#### SUPPLIED RECORDS:
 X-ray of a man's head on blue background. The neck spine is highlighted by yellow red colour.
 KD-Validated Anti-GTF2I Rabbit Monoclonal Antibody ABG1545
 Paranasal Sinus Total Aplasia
--
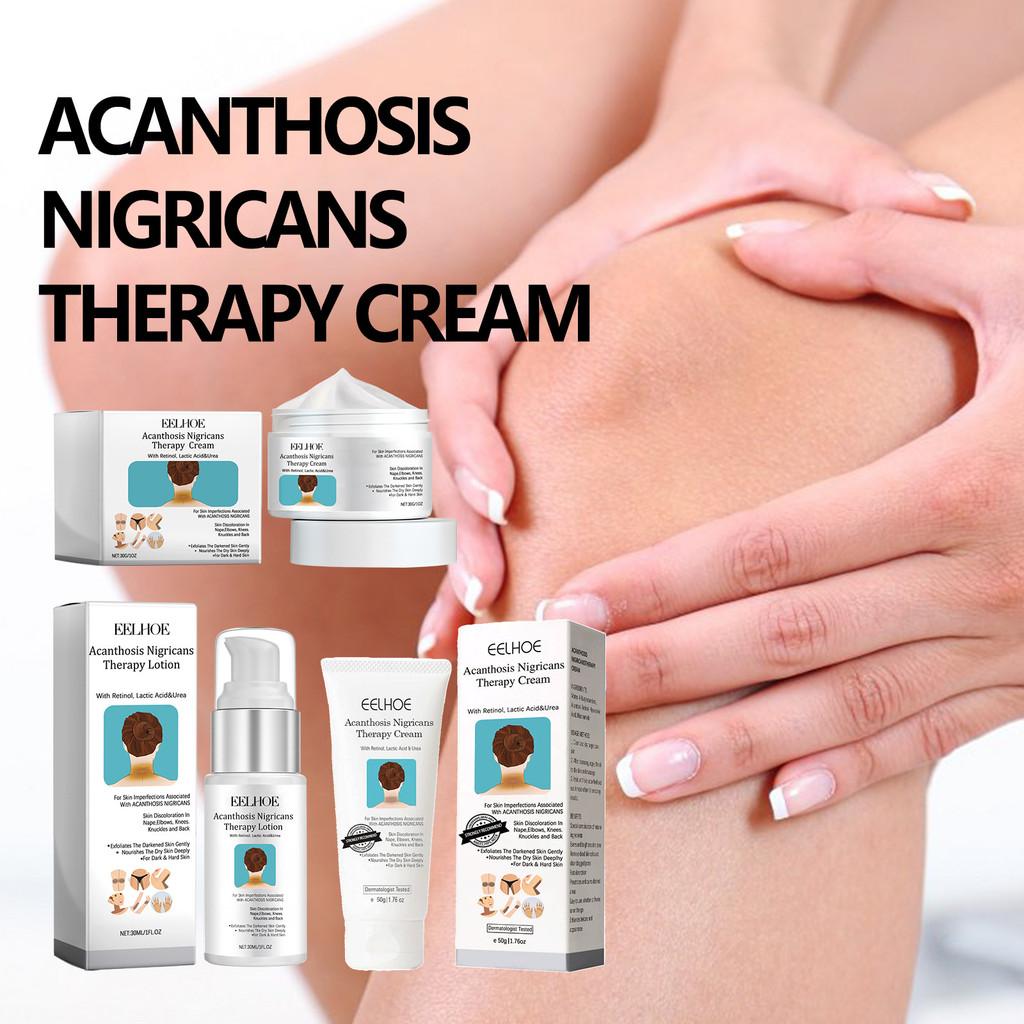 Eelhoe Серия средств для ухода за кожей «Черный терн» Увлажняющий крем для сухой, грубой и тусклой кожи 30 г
--
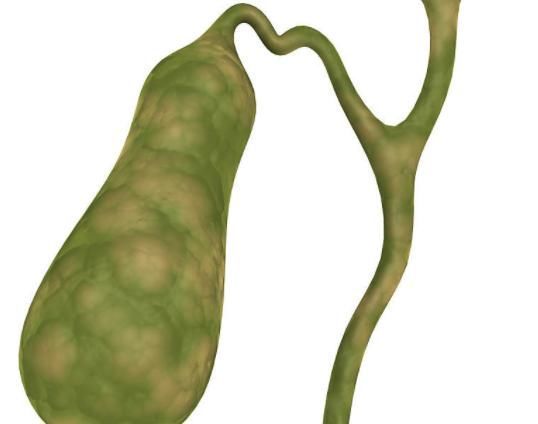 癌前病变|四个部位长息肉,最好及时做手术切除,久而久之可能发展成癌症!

#### EXERCISE DETAILS:
All that should be written out is the stretch of lines above between the one holding "X-ray of a man's" and the one holding "Paranasal Sinus Total Aplasia", inclusive, exactly as given.

#### TASK RESULT:
 X-ray of a man's head on blue background. The neck spine is highlighted by yellow red colour.
 KD-Validated Anti-GTF2I Rabbit Monoclonal Antibody ABG1545
 Paranasal Sinus Total Aplasia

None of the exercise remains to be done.